Enquanto os holofotes mediáticos se concentram nos painéis solares que cobrem cada vez mais telhados portugueses, uma revolução mais silenciosa - e potencialmente mais transformadora - ganha forma nos laboratórios e centros de investigação do país. O hidrogénio verde emerge não como concorrente da energia solar, mas como seu aliado estratégico na transição energética que Portugal abraçou com determinação única na Europa.

Nos últimos meses, os principais grupos económicos nacionais aceleraram investimentos que ultrapassam já os 900 milhões de euros em projetos de hidrogénio. A Galp anunciou a sua aposta em Sines, a EDP multiplica pilotos por todo o território, enquanto a Navigator explora sinergias com a sua produção de celulose. O que motiva esta corrida não é apenas convicção ambiental, mas uma perceção aguçada de oportunidade económica num mercado global que poderá valer 2,5 biliões de dólares até 2050.

O segredo do hidrogénio verde reside na sua génese: produzido através da eletrólise da água usando eletricidade de fontes renováveis, transforma o excesso de produção solar e eólica - que Portugal já conhece em horas de pico - num vetor energético armazenável e transportável. Esta característica responde ao calcanhar de Aquiles das renováveis: a intermitência. Enquanto o sol não brilha nem o vento sopra, o hidrogénio pode alimentar indústrias, transportes pesados e até ser reinjetado na rede elétrica.

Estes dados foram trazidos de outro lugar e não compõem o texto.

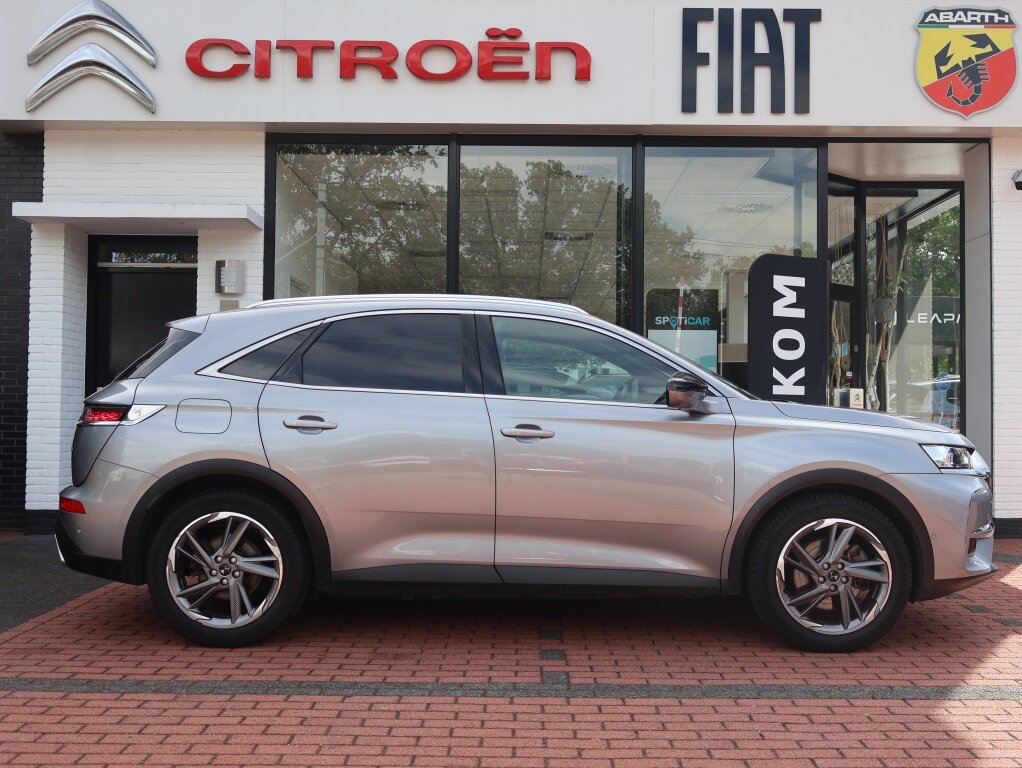DS DS 7 Crossback E-Tense Plug-in Hybride 300PK eEAT8 Automaat 4x4 So Chic Rivoli, Rijklaarprijs | Panoramadak | Leder | Camera | Navigatie | DAB+ - Afbeelding 3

Por trás dos anúncios otimistas, porém, escondem-se desafios monumentais. O custo de produção permanece significativamente superior ao do hidrogénio cinzento (produzido a partir de gás natural), exigindo ainda subsídios e mecanismos de apoio para se tornar competitivo. A infraestrutura de transporte e distribuição praticamente não existe, enquanto a escassez de água em regiões como o Alentejo - idealmente ensolaradas para a produção solar - levanta questões sobre a sustentabilidade do processo.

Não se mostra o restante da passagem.